Bruce has spent a lot of time posting on this thread and shared some invaluable info....listen to him....no Belair is not affiliated with TPI, SFX or Registry Collection.  How could they be they have nothing but a big hole in ground to exchange....

The airport...I was one who was told that...absolutely incredible.....we just laughed...it is a mountain, like the Sierra Madre mountians set over the ocean...really come on.....listen to Bruce, the costs would be atronomical as well as fact that I highly doubt the government would undertake that and then think how long that would take.....we were also told there was going to be 2 airports,  okay that sounds feasible...we just laughed and no the salesman did not like it..but we are familiar with the area and this is all hogwash..the airport is staying, there is not going to be a road thru the military base...

Read and reread the posts...read and reread Bruce's posts from way back....

Oh I to  am so fearful for all of you who bought a long time ago and have only as Bruce says a mud hole for progress...

I have to go to bed now..this whole issue has exhausted me and I have not even invested,but my thoughts are with those who have....


----------



## brucecz

judy23 said:


> Thank you Mule for your candid observation. I have been following this thread since its inception.It is very clear to me as well as to the motives of some of the responses.




Judy23, I find your posting  I quoted above and your  complimenting and agreeing with the Mule about the Belaire very interesting and disturbing  in light of all of the proven lies told by the Belaire and their shills.   

When I asked the Mule to post a link to his claim, the Mule said he could not and offered such a transparently false excuse which IMHO is a Belaire MO. I on the other hand have provided links to validate my claims. Here is the Mules post # 164 in this string Quote "Sorry Bruce but Tug will not let me post any negative report. Im sure its because it will show all the deceit that some tug members have been posting about the Belaire." Unquote 

The Mule then does not IMHO respond to the issue raised but then makes another blatant false claim to divert attention that he could not offer proof of that "Special report" he alluded to. 

I do have to wonder about your motives and your agenda in your posting seemingly supporting the "Mules" posting and his support about the Belaires blatant lies that have been proven many times beyond a reasonable doubt to be nothing but lies.

You seemed to have supported his position in your posting I quoted. 

If you are truly a misguided buyer, then I truly feel sorry for you if you feel your support of the  Belaire and the Mules postings is somehow going to fix the problem of lack of progress on the Belaires lacl of real progress.

Were you maybe taken in by the False promise of doubling your money in 2 years that you put into the Belaire,  or having by not to pay US Taxes if you are a US Citizen? 

A IRS agent posted in one of the earlier Belaire strings that if someone tryed to do that the Belaire agents said in regards in not paying US taxes, they would end up having big legal problems with the IRS. What the Belaire said about paying no US taxes on any profit is so transparently illegal.

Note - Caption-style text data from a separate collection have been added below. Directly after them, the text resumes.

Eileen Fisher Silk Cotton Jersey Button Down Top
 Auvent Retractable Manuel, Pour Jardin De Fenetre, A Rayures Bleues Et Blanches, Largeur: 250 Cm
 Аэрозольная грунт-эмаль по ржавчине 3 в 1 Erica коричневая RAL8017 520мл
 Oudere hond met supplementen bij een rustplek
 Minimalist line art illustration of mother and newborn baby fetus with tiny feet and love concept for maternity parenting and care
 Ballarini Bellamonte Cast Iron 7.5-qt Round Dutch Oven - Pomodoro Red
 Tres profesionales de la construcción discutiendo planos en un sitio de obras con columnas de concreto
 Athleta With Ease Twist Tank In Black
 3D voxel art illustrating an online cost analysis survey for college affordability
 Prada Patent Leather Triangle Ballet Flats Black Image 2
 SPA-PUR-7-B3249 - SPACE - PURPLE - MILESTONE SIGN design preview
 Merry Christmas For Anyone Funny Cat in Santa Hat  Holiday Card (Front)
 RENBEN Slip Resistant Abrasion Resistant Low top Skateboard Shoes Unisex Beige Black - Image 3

But do not worry as there will be no 200%  profits in 2 years for those who bought over a year or more ago to hide if you try to sell the contract assigned to you if you were a  buyer of a Belaire contract.

IMHO it is pretty hard  for any one to double their money in 2 years after buying into the Belaire as promised by Marcos  and other Belaire sales people after investing in a 1 year old mud hole.

When we were there a year ago last September there was some dirt moved. In just one years sort time they now have made great progress and now it is  a beautiful mud hole if you like mud holes instead of the promised accomations made by the Belaire.

Bruce


----------



## mterra

Bruce, you are right, I did not follow up on SFX.  I did just find that out yesterday, and that is a NO.  I did write in about the registry collection.  I am also looking into Make a Wish Foundation.  I was told that they support the Foundation and donate money to them. Being in Alaska sometimes it's difficult to get phone calls done and followed up on with time differences, working, etc.  I have other timeshares, so kinda thought I knew what I was doing, questions to ask etc. I guess I am a little more naive than I thought.  However all the ones I have are existing.  This is my first preconstruction, that I doubt I will ever do again.  I have read and re-read all the threads over the last few weeks.  Most of how we "paid" for this was with the idea that we were going to give them some of our timeshares.  So, that is all on hold.  We did give some money, but maybe not as much as others. I am not willing to lose any of my timeshares to them, but had considered an "exchange."  So, all is on hold and I will see what comes of this.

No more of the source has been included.